▶ [HOW TO COMPLETE THIS TASK]:
Extract the final stretch of the data: the line that contains "Минсельхоз утвердил новые" and every line after it, unaltered, and no other lines.

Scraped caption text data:
+--

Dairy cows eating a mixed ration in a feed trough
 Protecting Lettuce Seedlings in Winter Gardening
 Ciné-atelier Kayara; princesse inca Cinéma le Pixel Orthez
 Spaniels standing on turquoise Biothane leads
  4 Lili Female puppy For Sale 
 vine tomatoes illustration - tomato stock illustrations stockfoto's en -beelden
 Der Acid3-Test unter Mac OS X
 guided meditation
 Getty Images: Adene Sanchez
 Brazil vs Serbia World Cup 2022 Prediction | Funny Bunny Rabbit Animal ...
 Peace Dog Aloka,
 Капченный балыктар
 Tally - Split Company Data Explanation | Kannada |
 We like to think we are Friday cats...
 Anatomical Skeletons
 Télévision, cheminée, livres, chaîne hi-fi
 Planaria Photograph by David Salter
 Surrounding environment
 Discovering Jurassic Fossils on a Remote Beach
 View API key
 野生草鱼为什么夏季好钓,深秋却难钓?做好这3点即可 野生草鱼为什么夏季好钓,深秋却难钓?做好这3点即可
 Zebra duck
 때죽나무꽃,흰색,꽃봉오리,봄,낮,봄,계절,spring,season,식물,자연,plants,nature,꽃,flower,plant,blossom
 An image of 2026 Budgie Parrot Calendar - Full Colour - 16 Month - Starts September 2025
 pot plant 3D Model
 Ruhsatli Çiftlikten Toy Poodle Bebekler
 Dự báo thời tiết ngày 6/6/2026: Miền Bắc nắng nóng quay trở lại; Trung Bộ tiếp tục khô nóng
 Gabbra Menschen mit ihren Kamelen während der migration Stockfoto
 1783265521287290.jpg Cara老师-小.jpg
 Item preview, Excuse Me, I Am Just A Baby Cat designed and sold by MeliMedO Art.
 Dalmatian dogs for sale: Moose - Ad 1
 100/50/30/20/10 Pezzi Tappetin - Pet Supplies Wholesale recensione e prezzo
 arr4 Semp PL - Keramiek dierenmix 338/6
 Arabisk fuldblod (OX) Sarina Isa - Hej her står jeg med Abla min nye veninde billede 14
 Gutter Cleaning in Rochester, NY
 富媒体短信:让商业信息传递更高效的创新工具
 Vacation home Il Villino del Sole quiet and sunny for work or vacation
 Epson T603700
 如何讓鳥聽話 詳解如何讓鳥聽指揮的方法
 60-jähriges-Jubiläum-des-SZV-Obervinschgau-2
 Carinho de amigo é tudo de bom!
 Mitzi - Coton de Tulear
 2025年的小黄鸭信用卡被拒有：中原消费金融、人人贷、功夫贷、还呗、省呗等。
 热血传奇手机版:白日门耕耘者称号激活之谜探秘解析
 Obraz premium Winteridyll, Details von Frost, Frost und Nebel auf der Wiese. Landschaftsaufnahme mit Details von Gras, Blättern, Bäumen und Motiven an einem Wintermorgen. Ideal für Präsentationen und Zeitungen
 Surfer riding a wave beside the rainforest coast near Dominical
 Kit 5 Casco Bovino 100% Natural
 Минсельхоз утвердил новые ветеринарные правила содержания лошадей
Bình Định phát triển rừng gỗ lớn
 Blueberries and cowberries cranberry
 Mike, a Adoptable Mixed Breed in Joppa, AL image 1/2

+--

▶ [FINISHED TASK]:
 Минсельхоз утвердил новые ветеринарные правила содержания лошадей
Bình Định phát triển rừng gỗ lớn
 Blueberries and cowberries cranberry
 Mike, a Adoptable Mixed Breed in Joppa, AL image 1/2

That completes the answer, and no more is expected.